I too faced all the issues listed above, getting lost in the emotions and thoughts that come with feeling like you’re just failing, and frustrated that things are moving incredibly slow.
By explaining to you some of my failures and also how they impacted my mindset towards successes, I hope you can see the connection to help you get through whatever situation you're dealing with at the moment.
My Journey Of Failures
My first successful business was an eCommerce and content site about the card game Magic: The Gathering.
After several years of running that site, I grew bored of the card game and was looking to start new projects.
This is when I started to experiment with new website ideas, leading up to the creation of my next successful project, an editing company BetterEdit.com.
However, along the way I had a string of failures that I've never really talked about before. I am going to reveal these to you now, starting with my attempt at an MP3 music download website from back when MP3s were brand new.
Mp3now.com
In my early twenties, I registered a domain name, MP3now.com. It was meant to become an MP3 music sharing website.
At the time MP3s were really starting to take off. This is when Napster first arrived, but it was still hard to find music online, so people started sharing MP3s on websites.
To cut a long story short, my website didn't really go anywhere.
I finished the design, opened up and launched the site, and very quickly realized I was getting into an area that had a lot of lurking legal issues.
I also didn't really have a plan to make money besides hoping for enough traffic to profit from advertising. Although most people would just come to sites like mine to find an MP3, then quickly leave, so even the advertising strategy was flawed.
The key lesson I want to share with you from this experience is the legal aspect.
Why make your life harder by starting businesses where you could succeed, but because you succeed you get shut down due to legal trouble? I've seen a number of friends focus on business ideas that as soon as they started to make money, were hit with legal troubles and were forced to close.

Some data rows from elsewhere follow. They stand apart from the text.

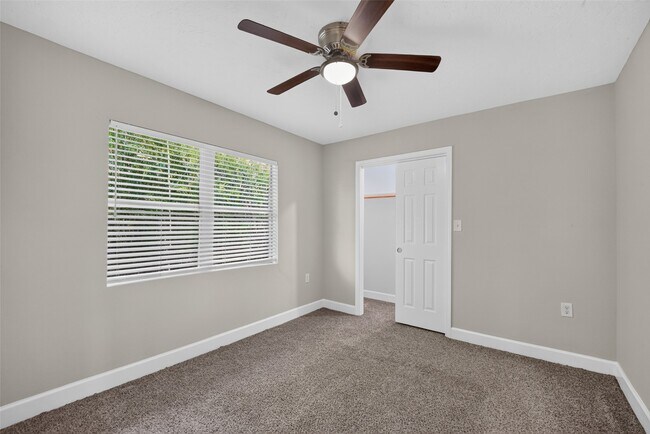 Building Photo - 5217 Pomander Rd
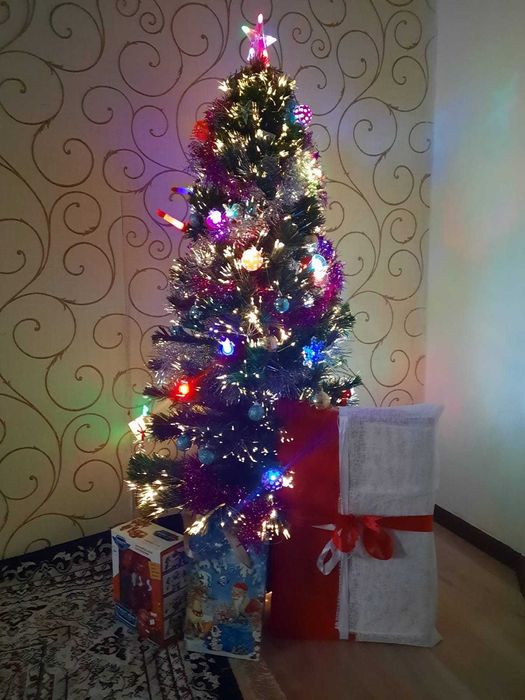 Продаю искусственную ёлку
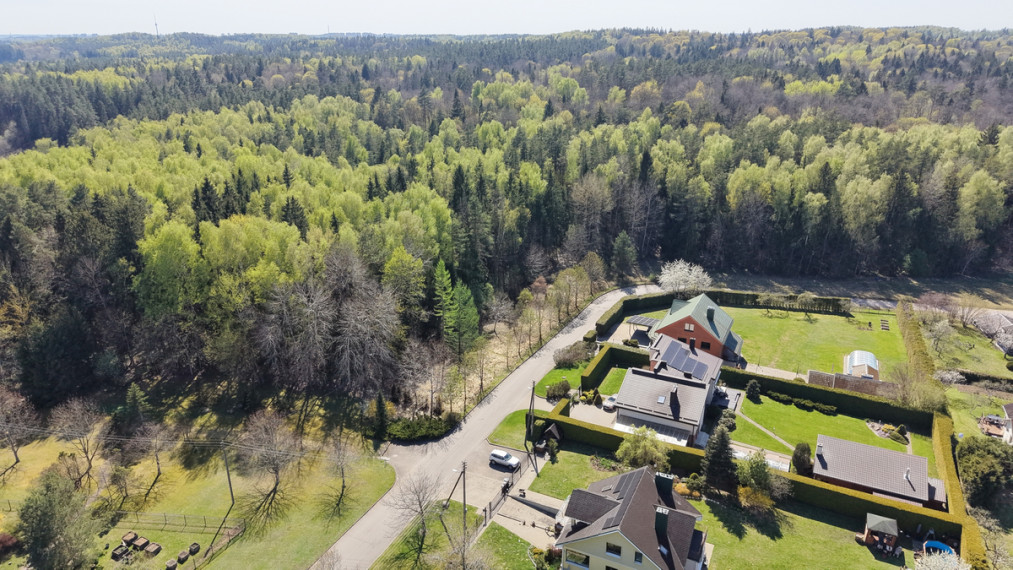 Parduodamas žemės ūkio paskirties sklypas Vilniaus r. sav., Didžiosios Riešės k., Paukščių Tako g., 20.15 a ploto 2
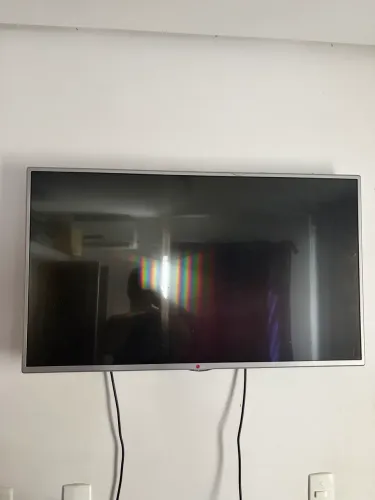 Televisão 42 polegadas
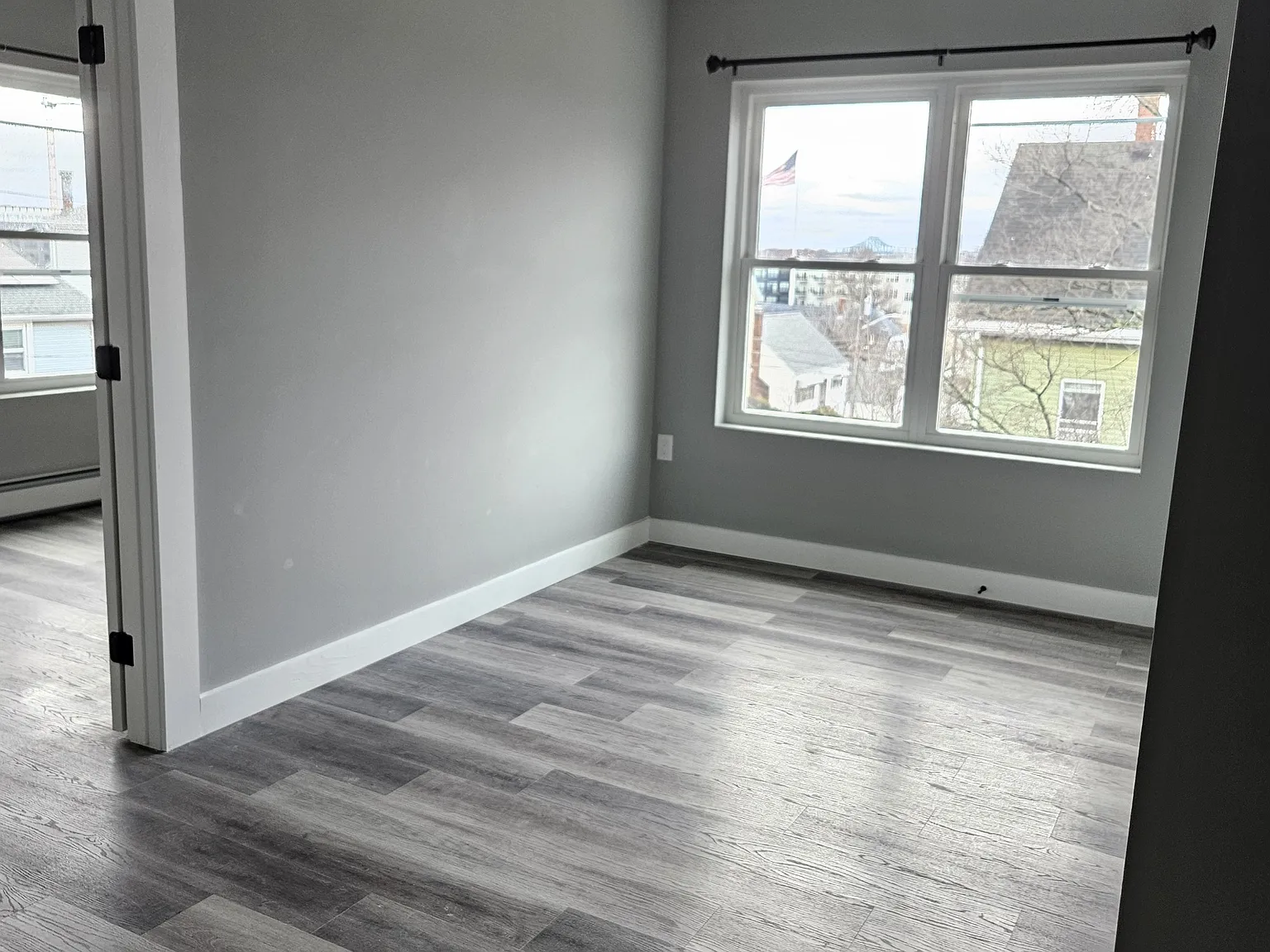 2 bed, 850 sqft, $2,500 — Photo 4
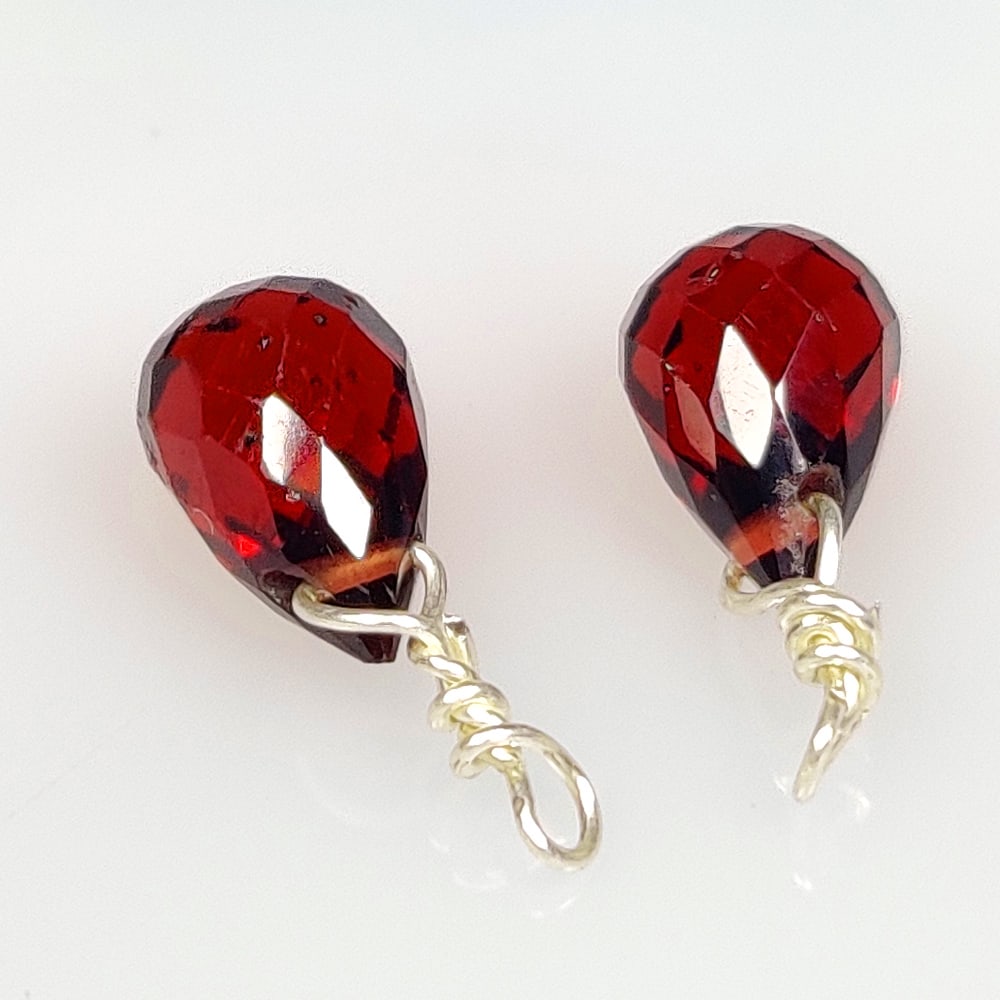 3.23 Ct Natural Almandite Garnet Famcy Pear Drop Beads: Weight - 3.23 Ct / Dimensions - 7.60 x 4.90 x 4.90 mm / 2 Pc's / Shape - Pear Drop Beads / Clarity - VVS / Origin - Nigeria / Comments - None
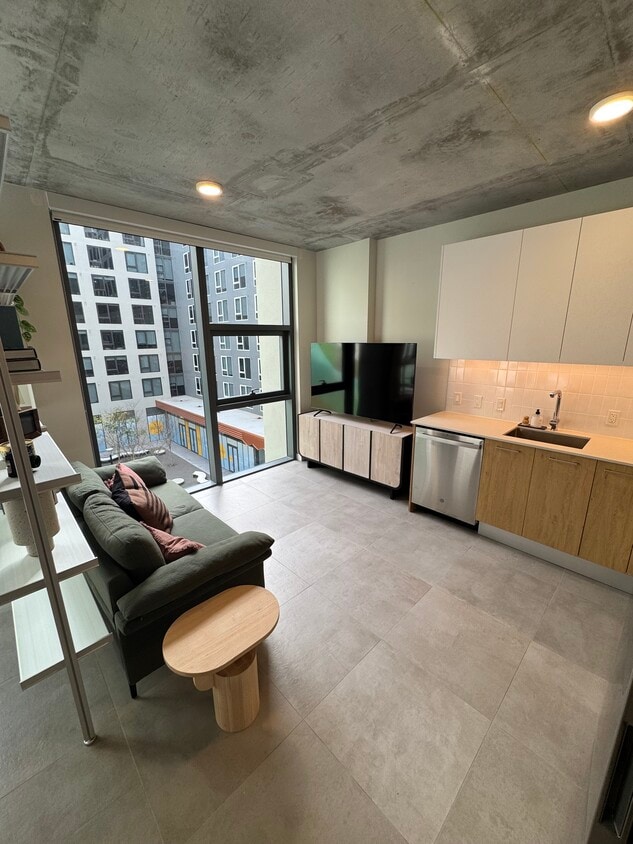 Foto principal - 267 NW 31st St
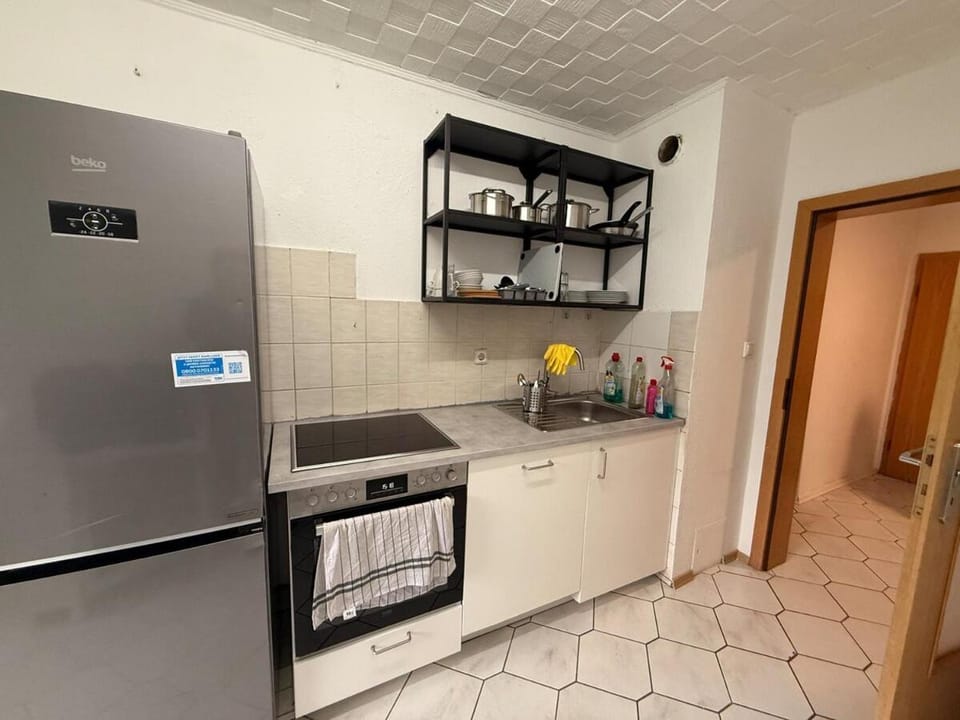 Monteurwohnung 6P 2 bathrooms kitchen Apartment in Wuppertal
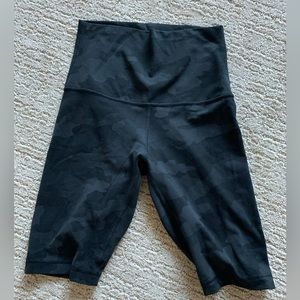 Lululemon Womens Align 8” shorts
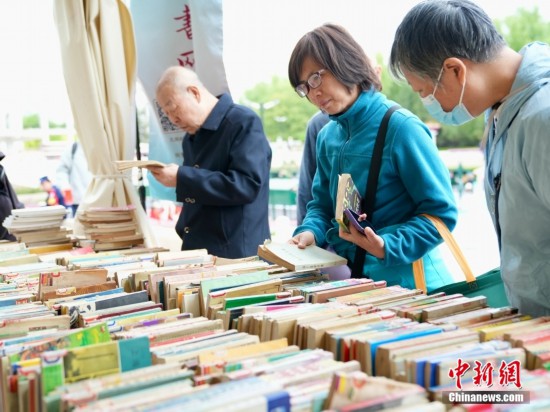 华宇娱乐平台：北京书市开幕 首次设置全国古旧书展销年会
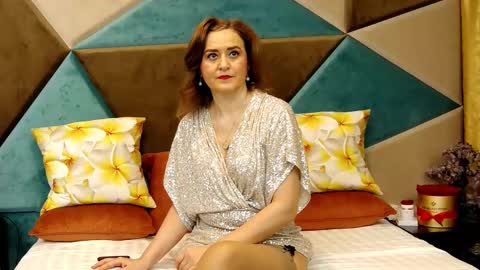 KateQueenston --  online show from 02/23/25, 02:51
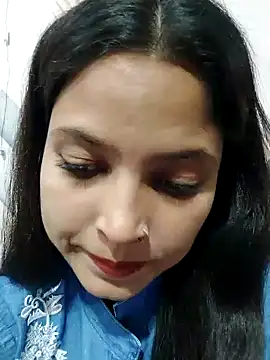 Snapshot of Anshika1431 chatting on 11/11/25, 01:28 Anshika1431 online show from 11/11/25, 01:28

This is exactly what would have happened with my MP3 site. As soon as it attracted enough attention that I could have built a business around it, I would face the same legal challenges as all those other music download sites did back in that era of the Internet.
Instead, I said to myself "this is nuts" and shut my site down. It proved to be a fun website to build, but not a business I wanted to pursue.
YoungActivist.com
After the MP3 experience, I went in a very different direction with my next project.
At the time I felt a lot of passion for subjects like the environment, health and making the world a better place. I knew there were many other people my age also interested in these subjects, yet they were not well catered to on the Internet at this point in time.
My idea was to hire some writers and build up a community around topics related to being a young activist, a person who wants to make a difference in the world. Hence I purchased the domain name, YoungActivist.com.
Using HTML skills I'd learned from my previous websites, I spent many nights building my activist website and designed a logo using my very basic graphic design skills. I was a mediocre designer at best, but I went through the process, finished the website and I did actually publish a few articles.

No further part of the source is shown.